Die Geber hatten 2011 im südkoreanischen Busan versprochen, rechtzeitig mit zugänglichen und detaillierten Angaben aufzuwarten, wohin ihre Hilfszusagen bis Ende 2015 gehen würden. Doch viele haben es versäumt, die kompletten Informationen zu veröffentlichen. Bisher liegen vor allem Informationen über die öffentliche Entwicklungshilfe (ODA) vor.

Dadurch ist es Adams zufolge schwierig zu evaluieren, wie viel der Hilfsgelder, wenn sie ein Empfängerland erreichten, am Ende dort ankämen, wo sie am dringendsten gebraucht würden. Dieser Mangel an Transparenz macht es für die von Krisen betroffenen Gemeinschaften schwer, an den Planungen und Wiederaufbaubemühungen teilzuhaben und Geber, Regierungen und Dienstleister für die Ergebnisse haftbar zu machen.

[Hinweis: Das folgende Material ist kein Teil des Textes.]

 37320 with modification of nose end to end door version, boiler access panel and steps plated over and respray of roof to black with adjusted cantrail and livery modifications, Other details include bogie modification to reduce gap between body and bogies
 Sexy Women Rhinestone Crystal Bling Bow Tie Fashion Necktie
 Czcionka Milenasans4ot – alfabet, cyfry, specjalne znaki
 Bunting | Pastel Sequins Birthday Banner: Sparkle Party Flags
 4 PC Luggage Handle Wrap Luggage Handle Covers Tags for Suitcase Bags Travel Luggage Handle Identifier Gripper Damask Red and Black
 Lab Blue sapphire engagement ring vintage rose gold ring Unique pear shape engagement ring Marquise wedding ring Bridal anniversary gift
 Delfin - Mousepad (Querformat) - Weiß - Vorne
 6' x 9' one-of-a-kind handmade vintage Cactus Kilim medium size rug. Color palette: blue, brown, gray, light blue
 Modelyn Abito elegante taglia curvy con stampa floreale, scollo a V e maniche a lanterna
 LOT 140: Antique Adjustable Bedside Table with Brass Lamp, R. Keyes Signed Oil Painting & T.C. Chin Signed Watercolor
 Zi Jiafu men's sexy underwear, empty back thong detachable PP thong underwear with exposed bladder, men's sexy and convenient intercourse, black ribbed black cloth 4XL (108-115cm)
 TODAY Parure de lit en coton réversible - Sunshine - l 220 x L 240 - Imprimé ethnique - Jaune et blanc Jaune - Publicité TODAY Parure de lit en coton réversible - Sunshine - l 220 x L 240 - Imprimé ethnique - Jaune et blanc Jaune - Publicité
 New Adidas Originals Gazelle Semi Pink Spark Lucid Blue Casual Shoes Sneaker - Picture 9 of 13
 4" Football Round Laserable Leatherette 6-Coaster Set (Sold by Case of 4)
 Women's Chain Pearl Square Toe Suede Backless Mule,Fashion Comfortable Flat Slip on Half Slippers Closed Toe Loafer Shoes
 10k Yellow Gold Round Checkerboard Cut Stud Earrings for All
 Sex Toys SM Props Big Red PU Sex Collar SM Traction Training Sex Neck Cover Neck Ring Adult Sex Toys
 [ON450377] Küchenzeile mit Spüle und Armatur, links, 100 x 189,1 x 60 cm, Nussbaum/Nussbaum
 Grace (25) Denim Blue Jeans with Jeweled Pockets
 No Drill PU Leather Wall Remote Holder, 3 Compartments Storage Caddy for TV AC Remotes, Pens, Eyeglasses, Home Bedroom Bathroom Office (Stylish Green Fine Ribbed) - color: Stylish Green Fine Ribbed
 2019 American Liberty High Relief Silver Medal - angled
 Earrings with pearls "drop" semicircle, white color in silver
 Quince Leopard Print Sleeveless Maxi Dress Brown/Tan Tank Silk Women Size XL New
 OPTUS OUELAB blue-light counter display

Eine der wichtigsten Lektionen aus der Ebola-Krise sei gewesen, dass die Bemühungen, den Ländern zu helfen, den Bedürfnissen der betreffenden Gemeinden Rechnung tragen und dass deren Feedback berücksichtigt werden müsse. "Wenn Menschen nicht wissen, wohin die Hilfe geht, können sie nicht planen", sagte Adams.

UN-Generalsekretär Ban Ki-moon hatte im Dezember bei der Bekanntmachung von Zusagen in Höhe von knapp zehn Milliarden US-Dollar für den Grünen Klimafonds, der ab 2020 mit jährlich 100 Milliarden Dollar bestückt werden soll, die Geberstaaten dazu aufgefordert, "ihre Versprechen möglichst schnell einzulösen".

UN-Sprecher Stephane Dujarric hatte in der zweiten Juliwoche auf die häufigen Nachfragen von Journalisten erklärt, dass sich die UN-Hilfsorganisationen mit Saudi-Arabien über die Zahlung der humanitären Hilfe für den Jemen in einer 'Absichtserklärungsphase' befinde.

Auf die Frage, ob es angesichts der Tatsache, dass Saudi-Arabien zu den Konfliktparteien zähle, im Jemen keinen Interessenkonflikt gebe, erklärte Dujarric: "Ich würde nicht von Interessenkonflikt sprechen. Wir begrüßen diese großzügigen Beiträge des Königreichs Saudi-Arabien und [...] wir begrüßen die Tatsache, dass diese Beiträge [...] von den UN-Hilfsorganisationen verwendet werden können." Der UN-Sprecher versicherte ferner, dass die UN-Hilfsorganisationen die Gelder im Sinne des jemenitischen Volks verwenden würden.


Mit Hilfsgeldern für Syrien im Rückstand

Im vergangenen März hatten die Teilnehmer der von Kuwait ausgerichteten internationalen Geberkonferenz 3,8 Milliarden Dollar an humanitärer Hilfe für Syrien zugesagt. Die drei größten Geber waren die Europäische Kommission (EC) und deren Mitgliedstaaten (fast eine Milliarde Dollar), die USA (507 Millionen Dollar) und Kuwait (500 Millionen Dollar).

Etliche internationale Nichtregierungs- und Hilfsorganisationen inklusive die türkische Stiftung für humanitäre Hilfe, die Katarische Gesellschaft vom Roten Halbmond und die Kuwaitische Islamische Hilfsorganisation sagten zusammen 500 Millionen Dollar zu.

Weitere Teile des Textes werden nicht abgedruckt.